• Try it:
Starting at the line with "The waterfront community" and stopping at the final line, retype the data below exactly; do not carry over any pictures.

(Captioned web images)
**********

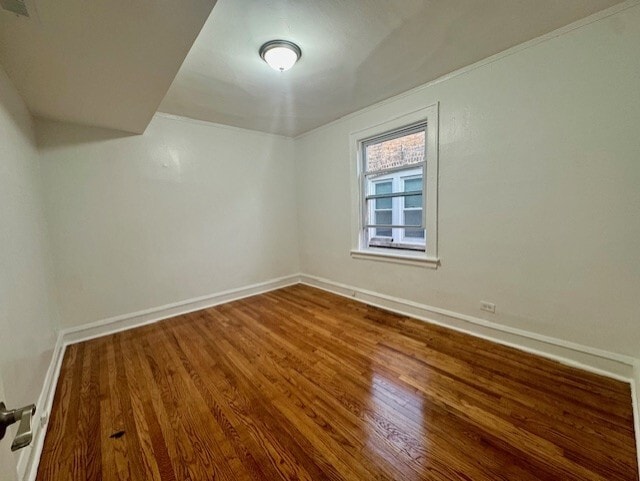 Building Photo - 6724 N Campbell Ave
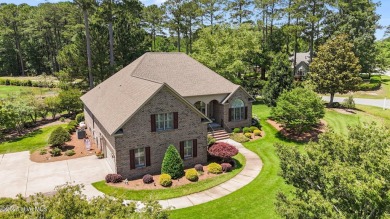 The waterfront community of Cypress Landing is known for it's on Cypress Landing Golf Club in North Carolina - for sale on GolfHomes.com, golf home, golf lot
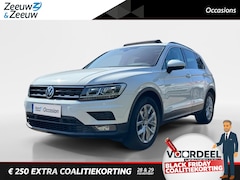 Volkswagen Tiguan - 1.5 TSI ACT Comfortline Panoramadak | Stoel verwarming | Keyless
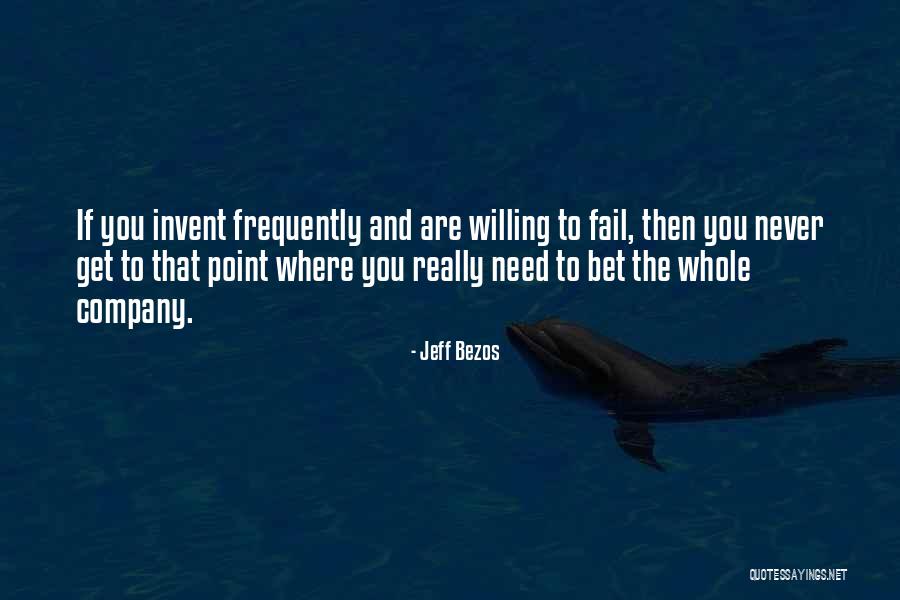 Rat That Lives Quotes By Jeff Bezos Rat That Lives Quotes By Jeff Bezos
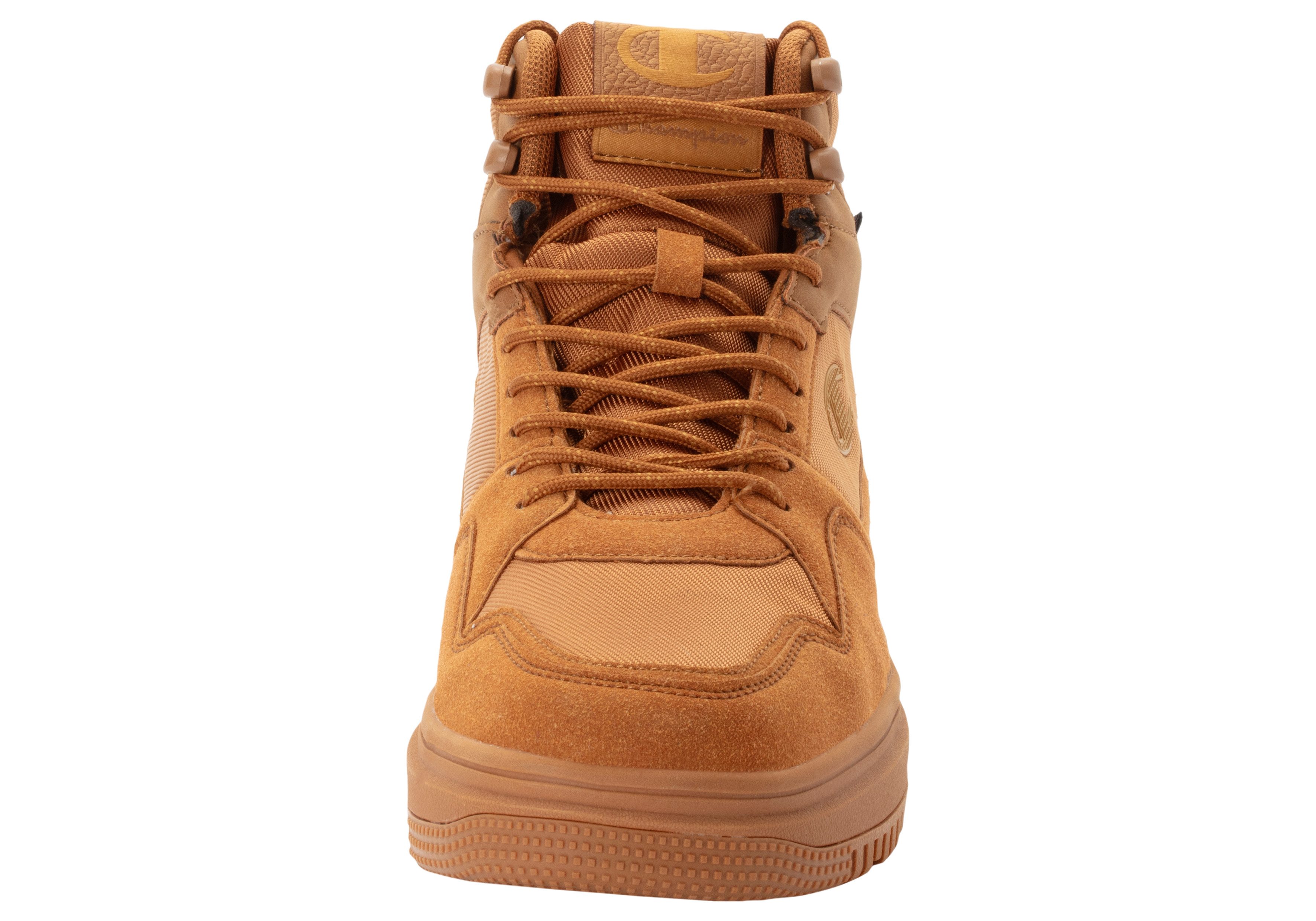 Champion Sneakers RD18 MID UTILITY WP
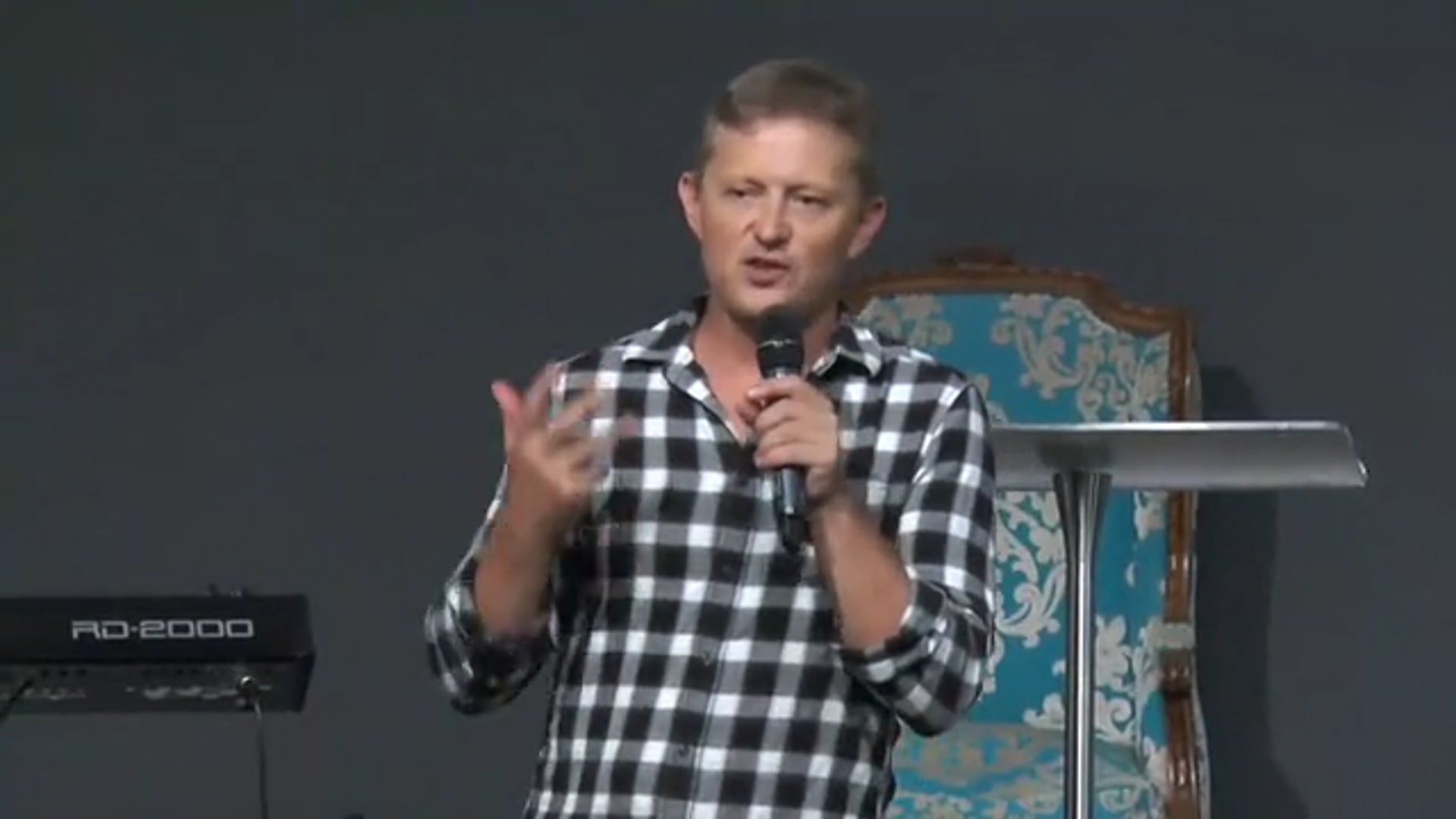 Leap Year Alignment - 26 January 2020 - PM - Todd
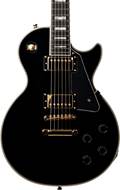 Epiphone Les Paul Custom Ebony (Ex-Demo) #19111530506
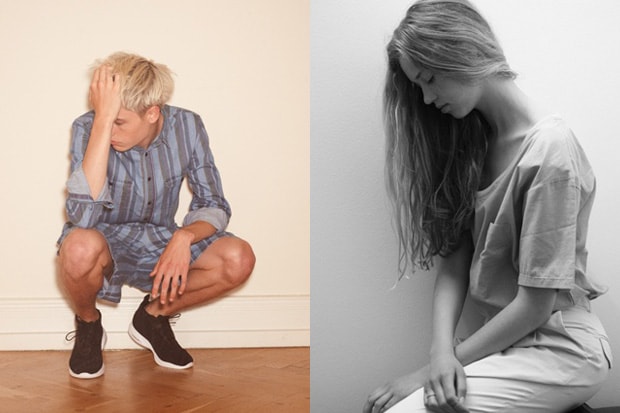 Wood Wood 2011 Spring/Summer Collection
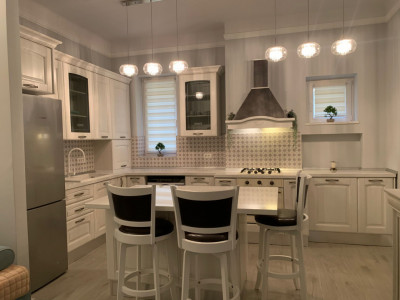 Apartament cu 3 camere, parter inalt - Central imagine mica 16, foxfort.ro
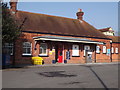 Bookham Station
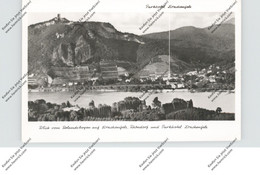 5340 BAD HONNEF - RHÖNDORF, Parkhotel Drachenfels, 1954 - Bad Honnef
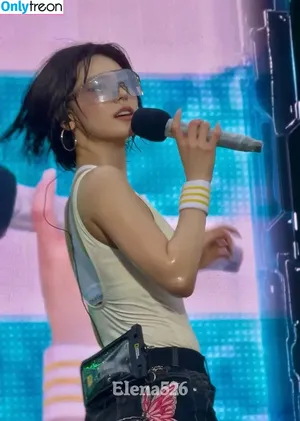 Yeji / Hwang Ye-ji / ITZY (예지 / yezyizhere nude photo #0218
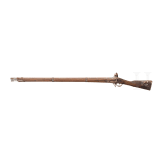 Infanteriegewehr, M 1804 "Manson-Gewehr"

**********

• Solution to the problem:
 The waterfront community of Cypress Landing is known for it's on Cypress Landing Golf Club in North Carolina - for sale on GolfHomes.com, golf home, golf lot
 Volkswagen Tiguan - 1.5 TSI ACT Comfortline Panoramadak | Stoel verwarming | Keyless
 Rat That Lives Quotes By Jeff Bezos Rat That Lives Quotes By Jeff Bezos
 Champion Sneakers RD18 MID UTILITY WP
 Leap Year Alignment - 26 January 2020 - PM - Todd
 Epiphone Les Paul Custom Ebony (Ex-Demo) #19111530506
 Wood Wood 2011 Spring/Summer Collection
 Apartament cu 3 camere, parter inalt - Central imagine mica 16, foxfort.ro
 Bookham Station
 5340 BAD HONNEF - RHÖNDORF, Parkhotel Drachenfels, 1954 - Bad Honnef
 Yeji / Hwang Ye-ji / ITZY (예지 / yezyizhere nude photo #0218
 Infanteriegewehr, M 1804 "Manson-Gewehr"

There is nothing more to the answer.